All the robots execute their search for the targets based on the available belief information. The belief information, represented as a map, is updated and distributed to the neighbors during the search to avoid searching the same area multiple times. This distributed belief map based search is inspired from the work in Vielfaure et al. (2021). To distribute a belief map, we use the virtual stigmergy (VS), a system that allows a swarm of robots to agree on a set of (key,value) pairs through gossip communication (Pinciroli et al., 2016). Thus, at each step, a searcher will decrease the belief value for its current position if no target is detected there. The new value is then put into the VS, sharing the information with all neighbors in communication range. A searcher sampling a new position to navigate to, will then opportunistically get the most recent belief for the position (from the initial map if no updated version is available in the VS). It is worth noting that the propagation of the VS is strictly best-effort, and therefore tolerant to disconnections and communication delays. Based on the value of the belief map, the robots decide to either move to the sampled position or sample a new one (if the belief is below a certain threshold).

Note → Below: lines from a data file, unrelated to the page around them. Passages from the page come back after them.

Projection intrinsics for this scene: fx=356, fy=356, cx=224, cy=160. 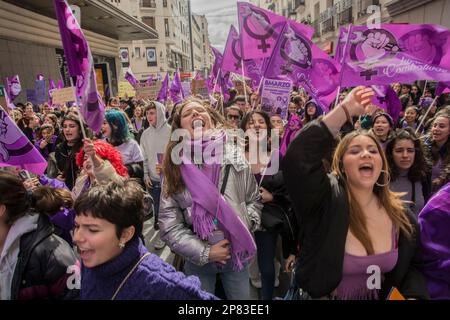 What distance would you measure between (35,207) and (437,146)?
12.2 ft

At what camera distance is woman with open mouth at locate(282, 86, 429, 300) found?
1.65m

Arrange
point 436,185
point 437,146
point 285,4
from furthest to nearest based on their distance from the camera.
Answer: point 285,4
point 437,146
point 436,185

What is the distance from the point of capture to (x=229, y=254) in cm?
224

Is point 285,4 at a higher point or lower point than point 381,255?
higher

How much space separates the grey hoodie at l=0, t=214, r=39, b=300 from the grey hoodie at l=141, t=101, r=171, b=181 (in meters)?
3.25

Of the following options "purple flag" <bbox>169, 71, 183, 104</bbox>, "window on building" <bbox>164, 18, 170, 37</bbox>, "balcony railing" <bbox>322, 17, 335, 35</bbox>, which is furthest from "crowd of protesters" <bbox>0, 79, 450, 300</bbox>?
"window on building" <bbox>164, 18, 170, 37</bbox>

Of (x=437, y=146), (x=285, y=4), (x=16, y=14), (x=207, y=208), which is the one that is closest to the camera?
(x=207, y=208)

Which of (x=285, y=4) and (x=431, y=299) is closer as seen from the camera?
(x=431, y=299)

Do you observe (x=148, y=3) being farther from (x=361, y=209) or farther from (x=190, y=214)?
(x=361, y=209)

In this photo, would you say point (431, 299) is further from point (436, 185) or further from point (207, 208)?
point (436, 185)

The idea of the search pattern is to realize multiple runs of a user-defined duration and come back to a rendezvous point between each of them. During the search, if a robot finds a target, it goes back to the initially fixed rally point and checks for the existence of a root node. The first drone to come back to the rally point after finding a target will be the root. When multiple drones arrive to the rendezvous at the same time, a conflict management routine selects one of the drones as the root. This robot becomes the first link of the communication and tracking relay between the meeting point and the targets. The root stays at the rendezvous point and broadcasts relevant information (updated found targets list, root id, networking positions, etc.) to all the robots in its communication range. As explained previously, this node computes the networkers’ positions and manages an auction every time it needs a new networker by switching to the auctioneer state. The networkers’s positions depend on the communication range of the robots. Let N be the set of networkers positions in the system and r the root’s position. To find the networkers positions for a target located at t, we choose a branching node at a position b such that:

$$\begin{aligned} \Vert {{\varvec{t}}} - {{\varvec{b}}} \Vert = min(\Vert {{\varvec{t}}} - {{\varvec{n}}} \Vert ) \end{aligned}$$
(2)

for all \({{\varvec{n}}} \in N \bigcup r\).

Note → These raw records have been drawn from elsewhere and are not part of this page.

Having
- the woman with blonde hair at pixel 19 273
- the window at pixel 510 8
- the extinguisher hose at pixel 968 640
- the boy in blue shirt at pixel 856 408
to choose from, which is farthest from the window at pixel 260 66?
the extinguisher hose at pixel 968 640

The networkers are then placed one after the other on the line connecting b and t. They are spaced at a maximum distance of communication range to ensure connectivity in the relay.

Other robots that did not find any target, go back periodically to the meeting point to check if another robot found a target or if a networker is needed. Since the battery life of flying robots is quite limited, this periodic check is an opportunity for recharging or battery swapping. When reaching the meeting point, if the robot receives a message from the root for a networking position, it immediately sends its bid for the auction and waits for the results announcement. When a robot wins the bid it acknowledges the auctioneer that it received the message and goes to its assigned position, becoming part of the communication and tracking relay. The robots in relay positions form a tree from the meeting point, allowing the operator at a base station to constantly and simultaneously to “see” and monitor the state of all the detected targets. The chain starts from the meeting point and proceeds towards the targets. It is worth mentioning that new branches are added to the first chain as new targets are discovered.

With a sufficient number of searcher robots, the relay should allow connectivity maintenance and a live camera stream of the target to the ground operators. In the case of a moving target, the closest robot to target has the responsibility of tracking its motion and sharing the updated position along the relay. This way, the relay can adapt itself and follow the target up until its rescue.

3.3 Belief map search

The belief map assigns a probability to find a target to each cell in the map. Each drone samples a new exploration target from cells in the map that are above a certain probability threshold, and are located in a square centered on the drone’s current location. The size of the square is a parameter.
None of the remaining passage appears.